Henson explained how the company’s approach to Parkhouse helped ensure it would be affordable for local residents.
“The average household in Squamish is making between $80,000 to $100,000 per year and the biggest issue with housing affordability for that demographic is the down payment,” he said. “We didn’t want investors, we wanted to build community, so we created deposit programs that would make it affordable to local buyers. The idea was: you build your deposit while we build your home. The amount people were paying to build their deposit was effectively the same amount they would pay for their mortgage.”
About 65 per cent of the buyers at Parkhouse were local to the Sea to Sky area and more than half of those were from Squamish. Henson explained that the market has picked up somewhat since then and apartments at The Main are slightly more expensive as a result. Even so, 45 per cent of buyers so far have been local to the Sea to Sky area.
The Main will stand at the corner of Main Street and Cleveland Avenue, the town’s main drag. It will consist of 110 condos on top of about 10,000 square foot of commercial space.
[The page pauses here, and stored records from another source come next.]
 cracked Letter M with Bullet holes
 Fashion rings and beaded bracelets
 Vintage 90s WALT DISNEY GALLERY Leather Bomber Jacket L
“We’re very keen to control who goes into that commercial space initially, again because we’re really trying to create that sense of community,” Henson said. “We’ve done quite a bit of work to ensure that there’s interactivity between the street and the building. There will be multi-use seating areas, the sidewalks are much bigger than normal and the commercial spaces have those garage-style doors so that diners can sit outside in the summer, for example.”
The building is designed by a|k|a architecture + design, a local firm that is heavily invested in the community. It features a private garden retreat for all residents, a pet and bike wash zone, secure bike storage and a green roof that will increase the life of the waterproofing membrane, decrease storm water flow and increase energy efficiency and biodiversity.
Kitchens have wood-grain laminate for lower cabinets and high-gloss finish for upper cabinets with soft-close hardware. There are engineered quartz countertops with modern textured tile backsplashes and stainless steel under-mounted sinks with faucets and pull-out sprayers. The energy-efficient, stainless steel kitchen appliance packages include over-the-range microwave/ hood fan combinations, super capacity dishwashers, top-mount fridges, and self-clean ranges with built-in ovens.
Bathrooms feature engineered quartz countertops with ceramic tiling and slim-profile dual-flush toilets. Four-piece ensuites in select homes have under-mounted sinks, soaker tubs and walk-in showers.
“We’re really targeting that young, adventurous, entrepreneurial, community-oriented demographic of buyers,” said Henson. “We have fibre optic cables going to every condo because we recognize that the way people work is changing and we wanted to cater for people who run tech businesses from home. At The Main, they’ll have faster Internet speeds than you would get even in downtown Vancouver.”
This last feature was a pleasant surprise for Steve Davis, the father of a young family who has bought a two-bedroom apartment at The Main.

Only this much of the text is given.